Please, without the pictures, restate every entry exactly.

*** Opening of SUPPLIED DATA ***

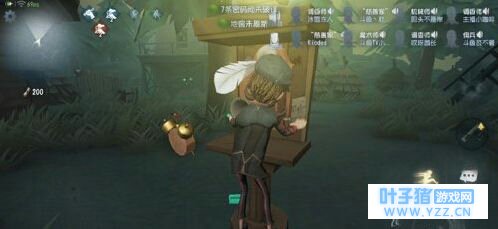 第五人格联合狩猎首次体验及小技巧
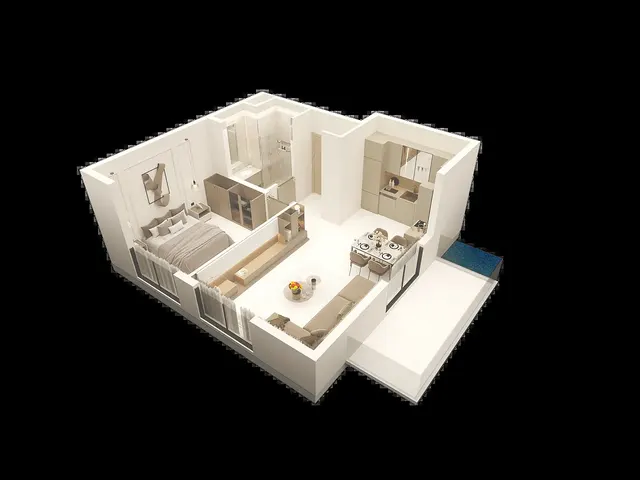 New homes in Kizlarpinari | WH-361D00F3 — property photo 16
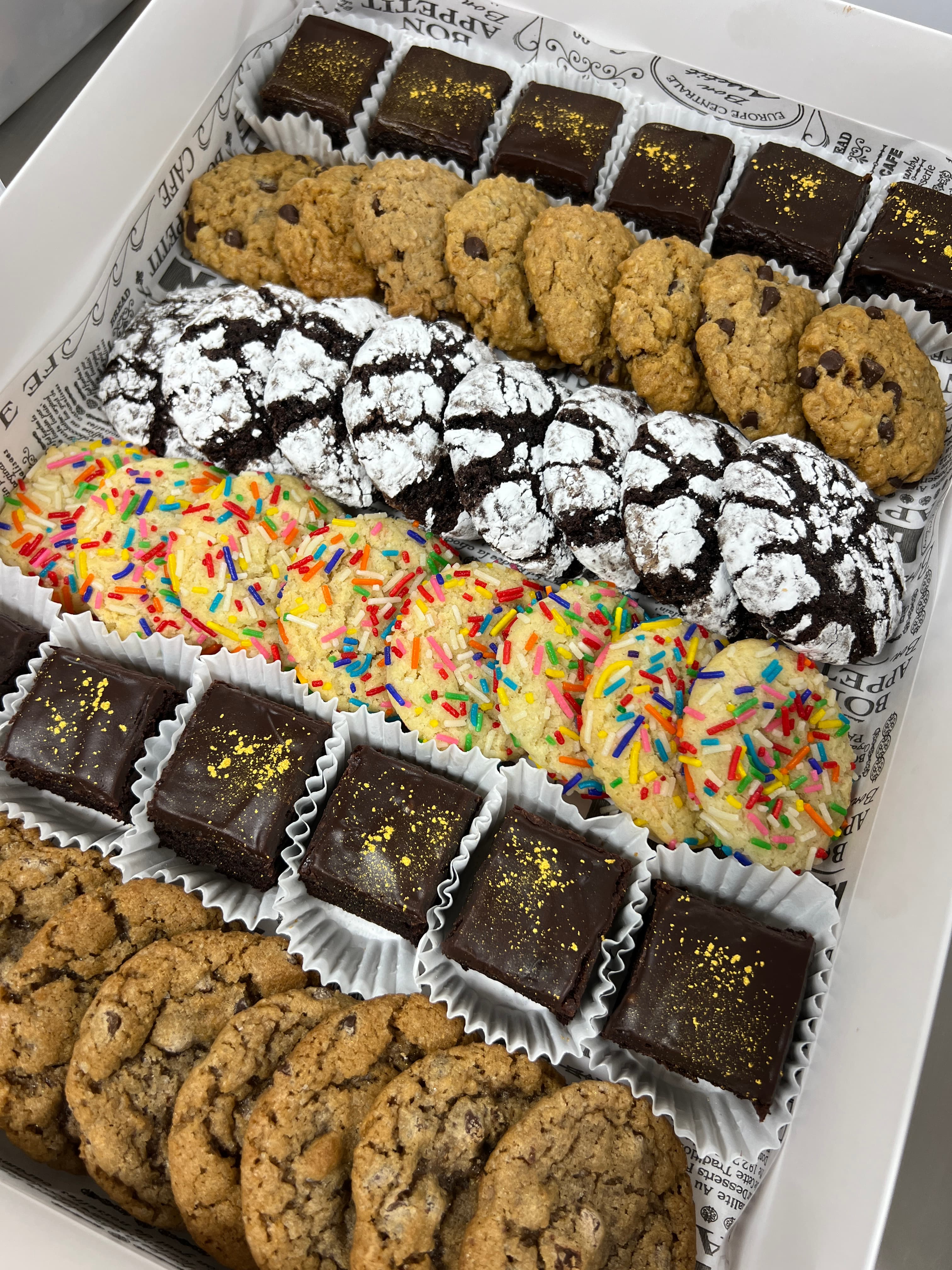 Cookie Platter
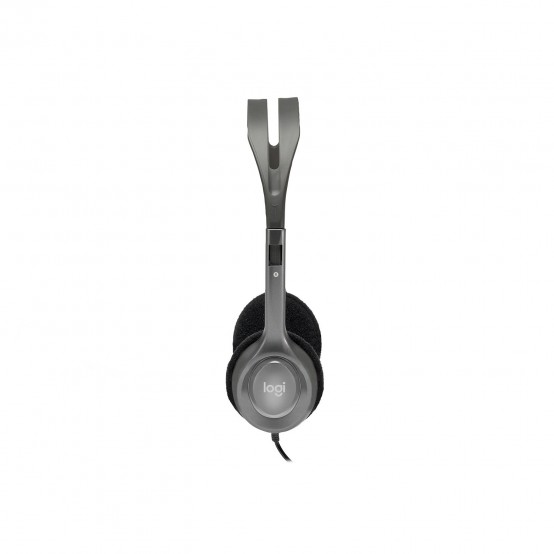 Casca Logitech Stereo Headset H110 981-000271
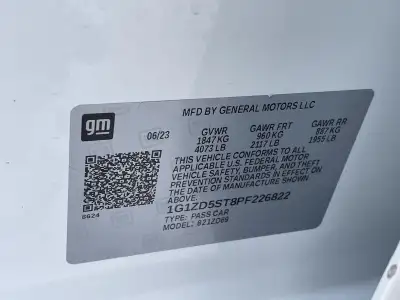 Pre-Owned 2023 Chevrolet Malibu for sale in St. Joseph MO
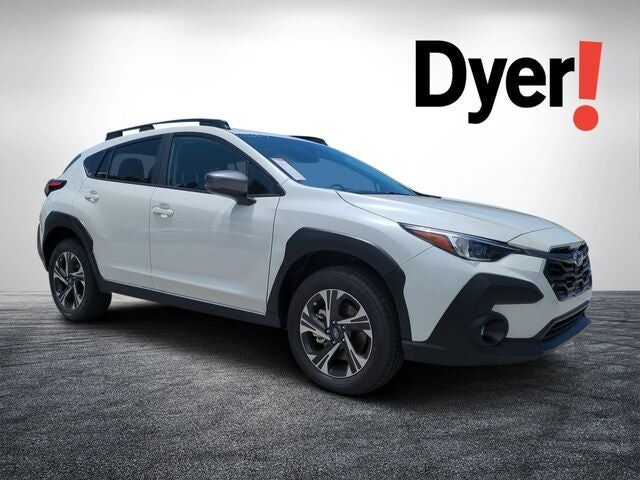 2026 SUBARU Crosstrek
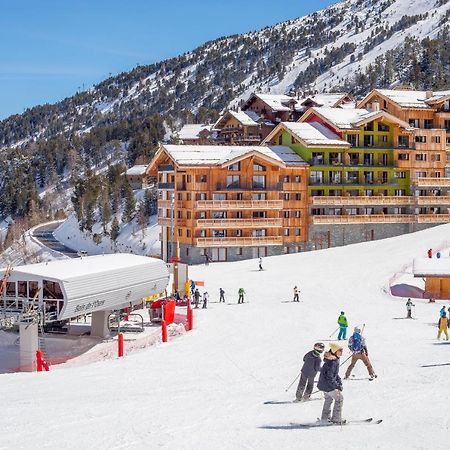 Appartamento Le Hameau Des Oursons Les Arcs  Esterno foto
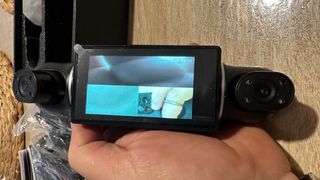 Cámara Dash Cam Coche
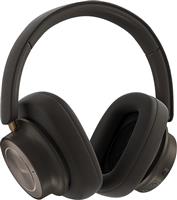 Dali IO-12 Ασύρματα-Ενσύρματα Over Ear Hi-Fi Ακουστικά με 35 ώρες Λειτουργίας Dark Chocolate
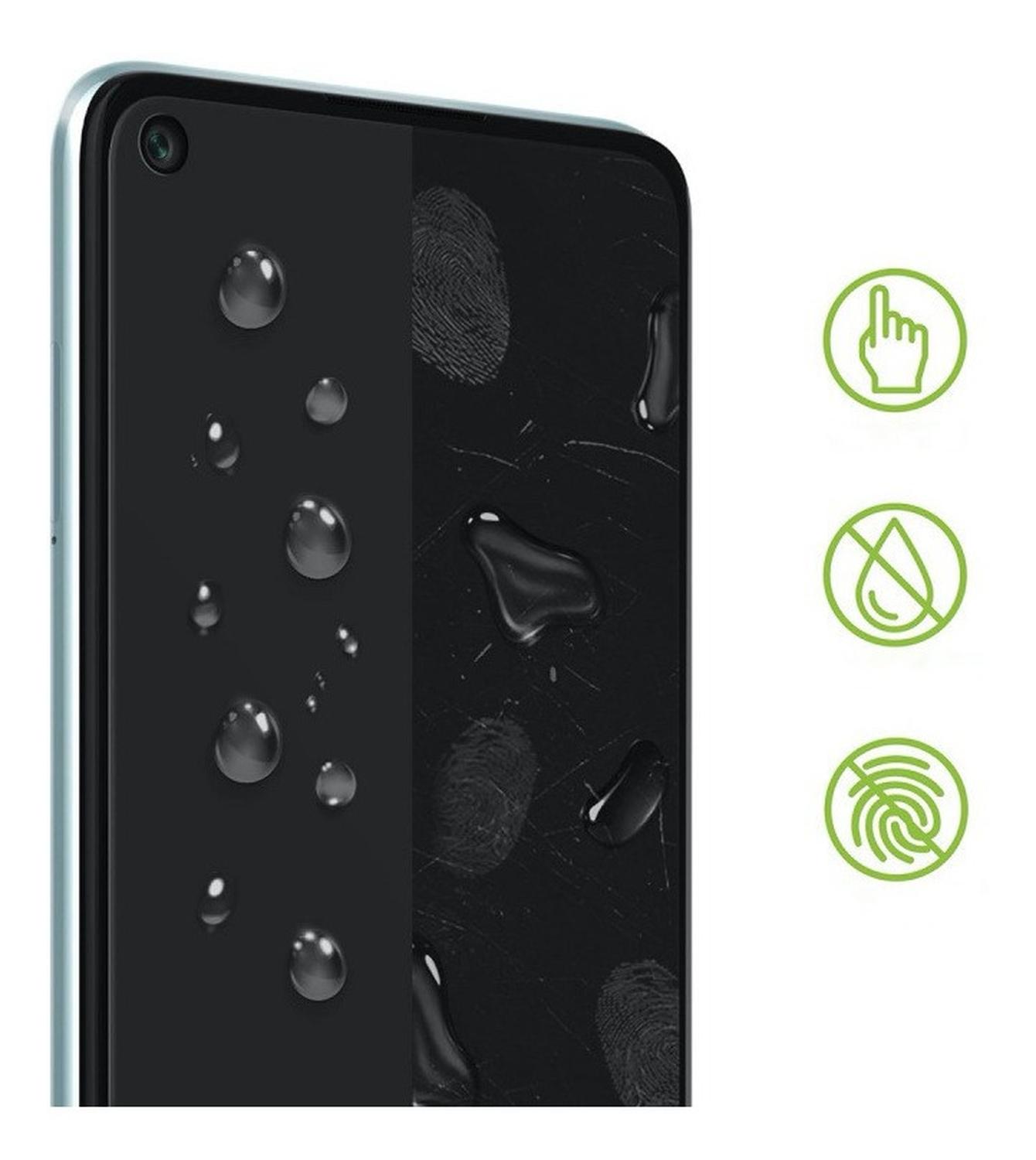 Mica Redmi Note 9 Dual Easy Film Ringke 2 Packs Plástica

*** Close of SUPPLIED DATA ***

WRITTEN SOLUTION:
 第五人格联合狩猎首次体验及小技巧
 New homes in Kizlarpinari | WH-361D00F3 — property photo 16
 Cookie Platter
 Casca Logitech Stereo Headset H110 981-000271
 Pre-Owned 2023 Chevrolet Malibu for sale in St. Joseph MO
 2026 SUBARU Crosstrek
 Appartamento Le Hameau Des Oursons Les Arcs  Esterno foto
 Cámara Dash Cam Coche
 Dali IO-12 Ασύρματα-Ενσύρματα Over Ear Hi-Fi Ακουστικά με 35 ώρες Λειτουργίας Dark Chocolate
 Mica Redmi Note 9 Dual Easy Film Ringke 2 Packs Plástica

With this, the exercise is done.